I'm wondering if it would make any difference if I switch to putting all the money (as it matures in the next three months) into two year Treasury Notes and then selling a couple bonds each month in the Secondary market when I need the money?

Or would TIPS be better, would they be liquid enough on the secondary market to only sell a couple thousand dollars worth each month? I found it extremely overwhelming to try to figure out how to buy TIPS on the secondary market, but maybe I could buy 5 year TIPS and then sell a few thousand dollars worth whenever I need the money? Would that be costly, or would the inflation protection give them enough increase so they'd be better than the Notes?
 
My similar funds are in a MM at 4 15% for a few months with the balance in a treasury step-ladder rolling off quarterly.
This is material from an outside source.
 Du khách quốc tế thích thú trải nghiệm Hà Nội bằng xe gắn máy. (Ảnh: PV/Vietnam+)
Not sure you can reasonably do mych better. You will take a haircut by selling in the secondary market.
 
Why not just set up a CD/UST/GSE bond ladder that matures monthly or quarterly with your expected cash flow needs?
 
I've been going out a few years on CDs/Treasuries/Agency bonds and then have TIPS for longer term maturities. You have to buy individual TIPS and hold to maturity to be guaranteed of the inflation protection + real yield. If you sell on the secondary market or own a TIPS fund you never know what the price will be when you want to sell.
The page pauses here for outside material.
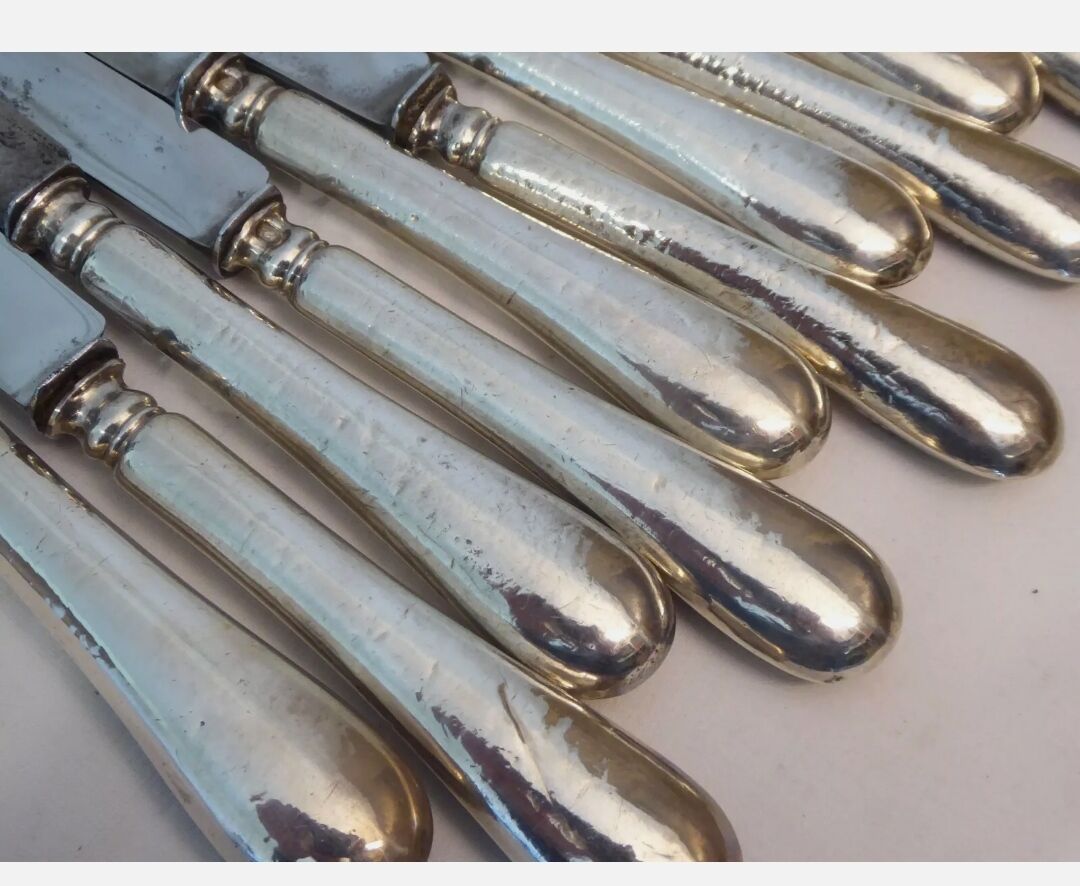 12 old filled silver handle knives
Here is an example of a TIPS ladder from one financial adviser: " I built a strategy backed by the U.S. government with Treasury Inflation Protected Securities (TIPS) that supports a reasonably level real 4.3% withdrawal rate for 30 years. It’s not perfect, but it was good enough for me to put my money behind it. I implemented such a portfolio with just under $100,000 of my own family’s nest egg.", The 4% Rule Just Became a Whole Lot Easier - https://www.advisorperspectives.com/articles/2022/10/24/the-4-rule-just-became-a-whole-lot-easier

I don't have such a detailed ladder. Mine is a lot lumpier, but I am investing more for capital preservation than income so it works for me.
 
Thought you were talking about rolling Treasuries to squeeze a couple extra bips, buying 3 months and selling when they’ve got about a month to go. Given a positively sloped yield curve, and minuscule spreads many trading platforms afford, you increase your yield. Today, 30 day yields are about 4%, 90 day 4.5%. Buy the 90, hold 60 days, ceteris paribus, you sell at a slight cap gain and roll back to 90 days.